In allgemeiner Form: Die Bundesvereinigung der Deutschen Industrie (BD) tritt für die Senkung der Staatsquote von heute rd. 50% auf unter 40% ein. (ebenso Clement und die CDU/CSU) Die Sozialversicherungsbeiträge werden merkwürdigerweise zu den Staatsausgaben gerechnet. D.h.: Renten, Gesundheitsleistungen usw. sollen um 20% gesenkt werden. Der BDI verlangt denn die Senkung der Sozialversicherungsbeiträge von jetzt 42% auf 35%, d.h. Senkung aller Leistungen um 15 bis 20%. Auch die DGB-Führung tritt für die Senkung der "Lohnnebenkosten" ein. Das kann nicht unser Weg sein.

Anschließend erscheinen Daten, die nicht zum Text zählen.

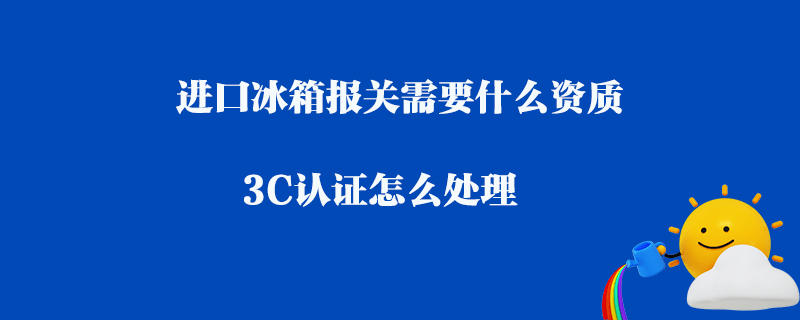 進口冰箱報關需要什么資質_3C認證怎么處理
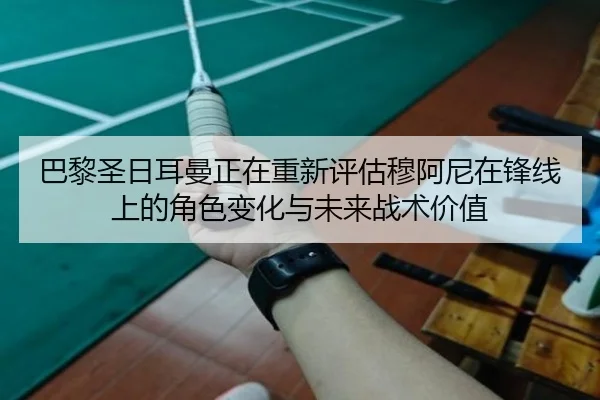 巴黎圣日耳曼正在重新评估穆阿尼在锋线上的角色变化与未来战术价值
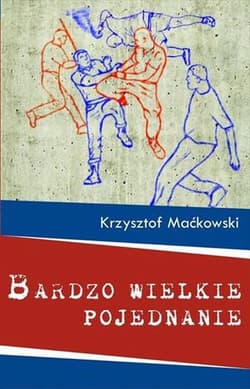 Bardzo wielkie pojednanie - Krzysztof Maćkowski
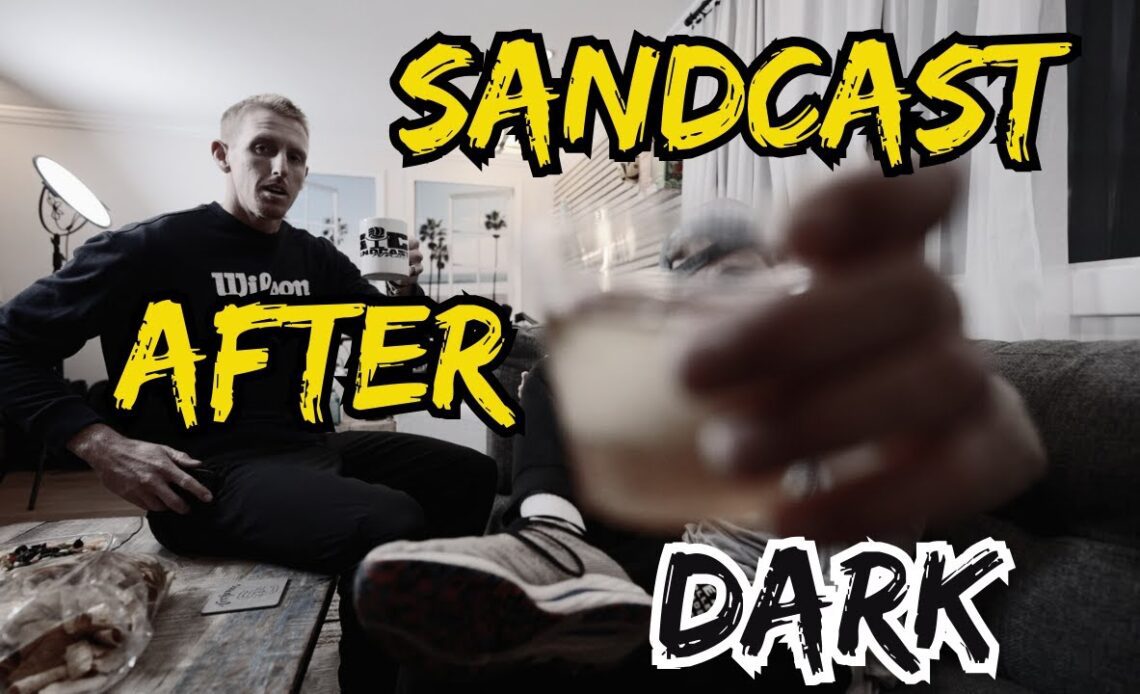 SANDCAST After Dark: Drinking With The Legends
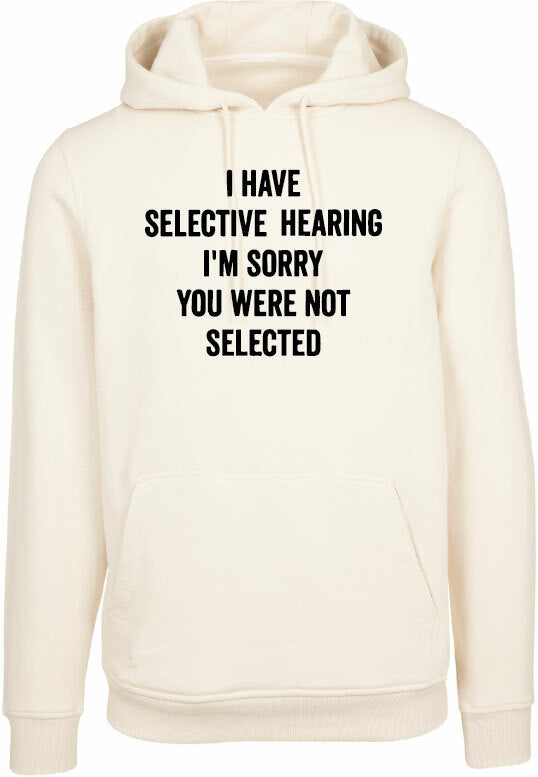 Hoodie - You were not selected Sand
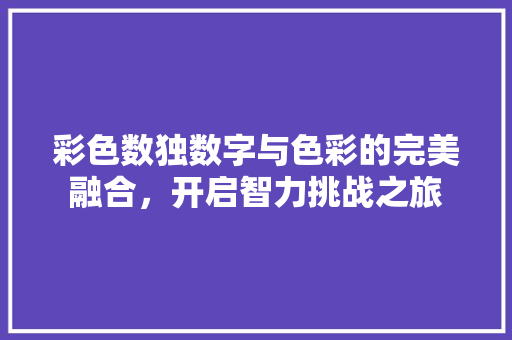 彩色数独数字与色彩的完美融合，开启智力挑战之旅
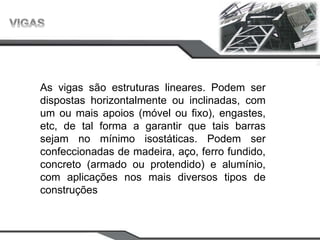As vigas são estruturas lineares. Podem ser
dispostas horizontalmente ou inclinadas, com
um ou mais apoios (móvel ou fixo), engastes,
etc, de tal forma a garantir que tais barras
sejam no mínimo isostáticas. Podem ser
confeccionadas de madeira, aço, ferro fundido,
concreto (armado ou protendido) e alumínio,
com aplicações nos mais diversos tipos de
construções
 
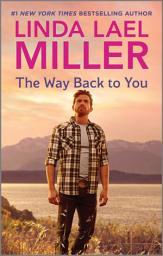 Icon image The Way Back to You: A Heartfelt Second Chance Romance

Die Ökonomen des Kapitals halten Löhne allgemein und darin eingeschlossen auch die Sozialversicherungsbeiträge solange für zu hoch, als es Arbeitslosigkeit gibt. Die Spirale ist damit nach unten offen.

Nur der Widerstand der LohnarbeiterInnen kann dem Fall dem Sozialabbau und dem damit verbundenen Fall der Löhne nach unten Schranken setzen.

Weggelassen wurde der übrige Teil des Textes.